La « marche patriotique » de jeudi dernier en direction du palais de l’Unité fait des vagues au sein de l’establisement.

Selon les chiffres révélés par le quotidien gouvernemental Cameroon Tribune, ils étaient quelques 3000 étudiants à converger jeudi 23 décembre dernier vers le palais de l’Unité, à Yaoundé, afin de « remercier le chef de l’Etat pour ses actions en faveur de la jeunesse ». Partis du boulevard du 20 mai, ces étudiants ont parcouru une dizaine de kilomètres avant d’échouer à l’esplanade du palais d’Etoudi.

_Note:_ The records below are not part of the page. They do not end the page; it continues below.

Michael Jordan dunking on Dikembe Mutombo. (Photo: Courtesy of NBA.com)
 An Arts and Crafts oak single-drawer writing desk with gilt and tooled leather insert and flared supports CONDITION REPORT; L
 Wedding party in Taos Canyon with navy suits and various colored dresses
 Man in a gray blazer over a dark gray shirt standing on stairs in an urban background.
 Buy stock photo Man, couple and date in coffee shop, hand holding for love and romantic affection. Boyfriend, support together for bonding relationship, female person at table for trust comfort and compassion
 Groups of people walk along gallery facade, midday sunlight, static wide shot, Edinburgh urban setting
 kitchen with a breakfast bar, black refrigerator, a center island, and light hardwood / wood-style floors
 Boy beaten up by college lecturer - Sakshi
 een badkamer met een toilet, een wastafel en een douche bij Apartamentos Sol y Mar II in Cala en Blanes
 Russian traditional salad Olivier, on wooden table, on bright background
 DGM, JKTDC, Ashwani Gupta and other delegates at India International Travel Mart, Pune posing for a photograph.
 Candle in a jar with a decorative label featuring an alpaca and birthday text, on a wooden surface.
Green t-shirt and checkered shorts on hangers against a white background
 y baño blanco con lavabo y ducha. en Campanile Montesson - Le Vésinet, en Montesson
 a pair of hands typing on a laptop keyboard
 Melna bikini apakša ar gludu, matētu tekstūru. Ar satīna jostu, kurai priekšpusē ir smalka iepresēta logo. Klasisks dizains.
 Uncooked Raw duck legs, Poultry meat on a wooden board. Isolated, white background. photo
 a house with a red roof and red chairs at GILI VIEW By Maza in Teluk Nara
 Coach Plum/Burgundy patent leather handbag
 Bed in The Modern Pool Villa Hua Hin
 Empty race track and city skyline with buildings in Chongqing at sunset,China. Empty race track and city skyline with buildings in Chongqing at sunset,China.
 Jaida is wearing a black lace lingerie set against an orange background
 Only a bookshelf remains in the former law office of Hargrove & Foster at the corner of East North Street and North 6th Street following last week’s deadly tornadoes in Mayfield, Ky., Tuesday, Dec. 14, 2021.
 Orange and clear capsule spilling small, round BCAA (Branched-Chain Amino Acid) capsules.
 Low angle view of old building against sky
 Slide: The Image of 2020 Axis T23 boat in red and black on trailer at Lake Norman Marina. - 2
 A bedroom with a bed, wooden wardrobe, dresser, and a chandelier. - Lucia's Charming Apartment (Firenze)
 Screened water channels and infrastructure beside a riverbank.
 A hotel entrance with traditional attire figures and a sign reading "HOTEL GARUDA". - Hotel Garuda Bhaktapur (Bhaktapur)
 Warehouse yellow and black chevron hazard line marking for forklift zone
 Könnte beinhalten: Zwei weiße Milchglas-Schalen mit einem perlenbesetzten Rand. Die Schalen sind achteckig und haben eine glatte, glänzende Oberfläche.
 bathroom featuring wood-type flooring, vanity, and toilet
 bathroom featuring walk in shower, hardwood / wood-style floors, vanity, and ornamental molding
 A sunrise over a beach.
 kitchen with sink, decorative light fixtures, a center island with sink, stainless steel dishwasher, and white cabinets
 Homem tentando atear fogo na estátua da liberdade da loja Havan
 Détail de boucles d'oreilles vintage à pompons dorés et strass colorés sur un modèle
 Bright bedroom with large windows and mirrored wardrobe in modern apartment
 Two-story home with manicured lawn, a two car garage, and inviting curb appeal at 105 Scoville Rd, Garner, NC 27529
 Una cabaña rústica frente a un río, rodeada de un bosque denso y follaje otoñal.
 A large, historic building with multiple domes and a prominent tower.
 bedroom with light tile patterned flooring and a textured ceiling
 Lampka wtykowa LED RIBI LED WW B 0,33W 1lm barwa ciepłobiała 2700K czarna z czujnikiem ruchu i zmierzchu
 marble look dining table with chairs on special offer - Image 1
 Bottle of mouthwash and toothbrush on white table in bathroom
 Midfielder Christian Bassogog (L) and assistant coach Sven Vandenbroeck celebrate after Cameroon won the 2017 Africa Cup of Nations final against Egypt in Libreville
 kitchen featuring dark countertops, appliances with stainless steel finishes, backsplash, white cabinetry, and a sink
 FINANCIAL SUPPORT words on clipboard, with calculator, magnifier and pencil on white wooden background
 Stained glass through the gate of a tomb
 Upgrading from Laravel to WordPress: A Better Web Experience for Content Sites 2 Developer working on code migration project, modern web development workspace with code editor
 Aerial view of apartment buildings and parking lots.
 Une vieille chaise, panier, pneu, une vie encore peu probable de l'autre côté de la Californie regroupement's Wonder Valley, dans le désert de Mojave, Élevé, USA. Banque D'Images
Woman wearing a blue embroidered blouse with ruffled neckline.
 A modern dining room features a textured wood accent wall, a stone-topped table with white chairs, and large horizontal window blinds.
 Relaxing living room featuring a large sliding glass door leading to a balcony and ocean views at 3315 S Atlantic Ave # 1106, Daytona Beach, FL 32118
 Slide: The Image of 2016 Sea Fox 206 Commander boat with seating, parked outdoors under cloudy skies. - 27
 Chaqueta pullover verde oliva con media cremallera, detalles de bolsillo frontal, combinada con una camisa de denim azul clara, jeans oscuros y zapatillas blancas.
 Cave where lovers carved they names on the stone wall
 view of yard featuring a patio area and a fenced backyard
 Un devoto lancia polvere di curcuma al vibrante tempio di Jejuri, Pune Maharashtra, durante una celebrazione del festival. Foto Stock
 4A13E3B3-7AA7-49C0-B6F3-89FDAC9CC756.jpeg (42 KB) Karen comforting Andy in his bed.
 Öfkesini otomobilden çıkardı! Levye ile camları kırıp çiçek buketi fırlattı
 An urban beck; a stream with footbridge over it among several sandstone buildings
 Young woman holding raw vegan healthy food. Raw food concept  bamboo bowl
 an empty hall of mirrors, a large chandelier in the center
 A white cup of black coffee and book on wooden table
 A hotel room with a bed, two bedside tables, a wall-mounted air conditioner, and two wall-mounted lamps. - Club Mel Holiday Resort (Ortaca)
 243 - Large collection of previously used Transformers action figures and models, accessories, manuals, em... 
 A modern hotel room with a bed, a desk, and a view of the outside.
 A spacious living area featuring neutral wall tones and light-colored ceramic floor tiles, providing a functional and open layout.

L’élément détonateur de cette marche, largement relayée par les médias d’Etat, était, indique-t-on, la création par décret présidentiel, de l’université de Bamenda le 10 décembre dernier. Aussi, les «marcheurs» n’ont pas tari d’éloges à l’endroit du chef de l’Etat, Paul Biya. En témoigne ce message inscrit sur la principale banderole : «Monsieur le président, la jeunesse vous offre ce cadeau de fin d’année. Nos cœurs pour t’aimer, nos pieds pour marcher, nos mains pour applaudir et nos voix pour chanter».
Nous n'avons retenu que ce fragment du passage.